Secretary Gassman announced the grant at the Northwest Wisconsin Workforce Investment Board’s 6th annual Business Development Conference at Lakewoods Resort in Cable. The Northwest Wisconsin WIB’s primary partners in the Power Northwest project are Northcentral Technical College and Wisconsin Indianhead Technical College.

Besides Governor Doyle’s Grow Wisconsin – The Next Steps plan, Secretary Gassman also highlighted, as part of her luncheon address at the conference, the Governor’s new Clean Energy Wisconsin initiative, a comprehensive strategy to strengthen Wisconsin’s energy future. This comprehensive plan moves Wisconsin forward by promoting renewable energy, creating new jobs, increasing energy security and efficiency, and improving the environment.

As outlined by Secretary Gassman, the grant will enable the board and its partners to:

Provide basic education and job skills training to 80 low-wage, low-skilled workers, and dislocated workers, opening career pathways in the timber industry and emerging renewable energy sector;

Assist at least 17 loggers and timber harvest operators in gaining certificates as master loggers or timber harvest operators, confirming their training in best practices for forest management;

Encourage at least 12 youth through a bio-industry academy to pursue careers in sustainable logging and forestry management;

Give 50 Job Center staff short-term training at forums to help them guide dislocated workers, the unemployed and underemployed to good jobs in the timber industry and renewable fuels sector.

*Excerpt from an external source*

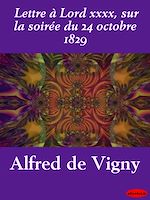 Télécharger le livre :  Lettre à Lord xxxx, sur la soirée du 24 octobre 1829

Among the project goals is to show pay increases for 75 percent of the 80 low-wage, low-skill workers who will receive basic education and skills training, and the 17 individuals who will receive advanced training for certification as master loggers and timber harvest operators.

The project also calls for outreach efforts by 30 Job Center staff on another one of Governor Doyle’s workforce agenda items, training 40 percent of Wisconsin’s production workers to meet the national Manufacturing Skill Standards Certification by 2016. Described as a passport to jobs of the future, the MSSC certifies that a manufacturing worker possesses necessary advanced manufacturing skills. At least 60 employers, labor leaders and others with an interest in advanced manufacturing will have opportunities to attend regional forums on MSSC and careers in advanced manufacturing.

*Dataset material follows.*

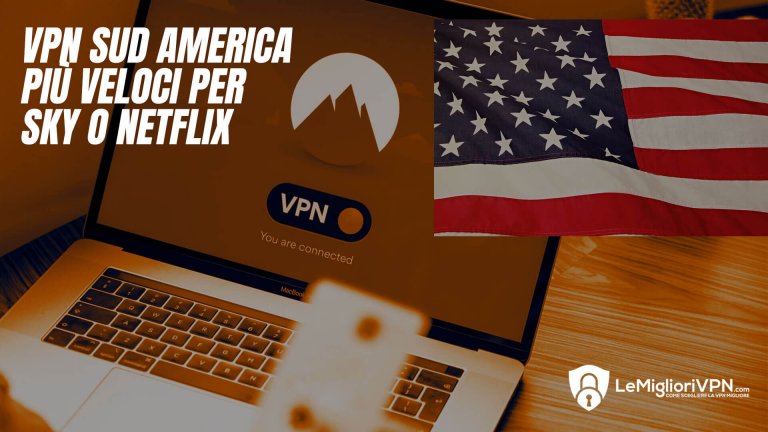 VPN per il Sud America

Projections show that the region’s natural resources, construction and mining sector will add nearly 700 new jobs in the decade ending 2014 for a ten-year change of 17.5 percent. The transportation and utilities industry group is expected to add 460 new jobs, an 11.6 percent increase, in the same period. The average annual wage for the region is $25,334, or 24 percent below the state average and over 32 percent below the national average. Entry level jobs in the timber industry pay $11 per hour. Median wages are closer to $16 an hour.

Accepting the grant from Secretary Gassman was Steve Terry, Executive Director of the Northwest Wisconsin WIB. Besides the technical colleges, the board’s partners include: Coalition for Eco-Industrial Development in Superior, Johnson Timber, the Park Falls Area community Development Corporation, and the economic development agencies of Barron, Douglas and Rusk counties.